Задачи истории: одна из приписываемых истории целей – знание прошлого, дающее понимание его событий, нужно для понимания аналогичных событий в будущем. Минимальная задача историка, как ее определяет Данто, опираясь на анализ деятельности Фукидида, состоит в истинном описании событий своего прошлого; достаточный критерий, который мог бы отличить деятельность историка от деятельности философа истории, тогда мог бы состоять в том, чтобы дать такое истинное описание своего прошлого, которое бы логически не предполагало истинных описаний его будущего.
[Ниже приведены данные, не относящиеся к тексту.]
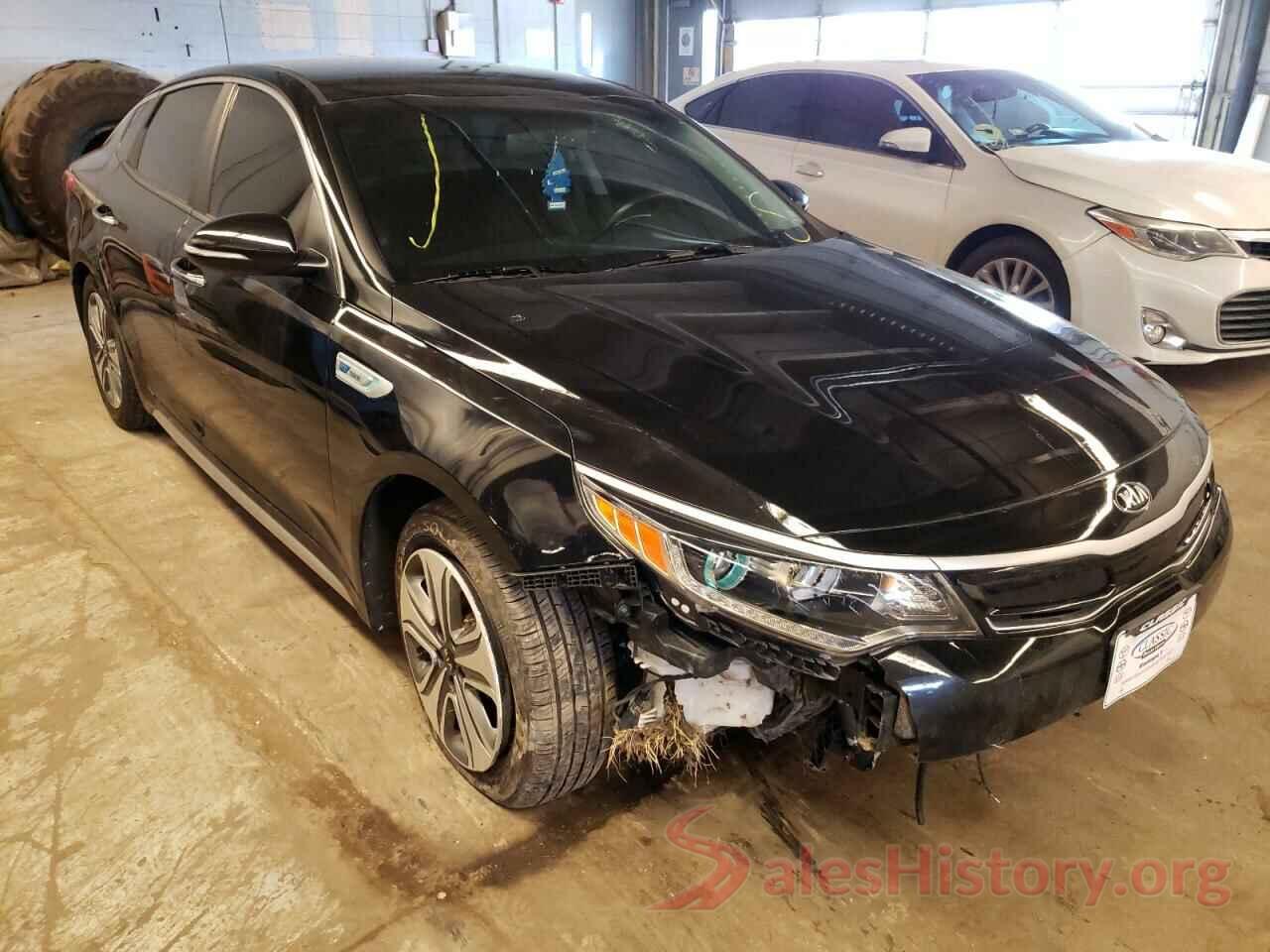 KNAGU4LC3H5007455 2017 KIA OPTIMA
Специфика истории по Данто заключается в том, что история по самой своей сути есть деятельность не по воссозданию, а по организации прошлого, поскольку совершенное описание прошлого принципиально невозможно – отсюда его предпочтение инструменталистской трактовки исторических предложений. Мы не можем себе представить историю без организующих схем, а последние – независимыми от специфических человеческих интересов – поэтому исторический релятивизм прав. Различие между историей и наукой, далее, по Данто, состоит не в том, что история использует, а наука не использует организующих схем, выходящих за пределы данного, а в том, какого вида организующие схемы они используют.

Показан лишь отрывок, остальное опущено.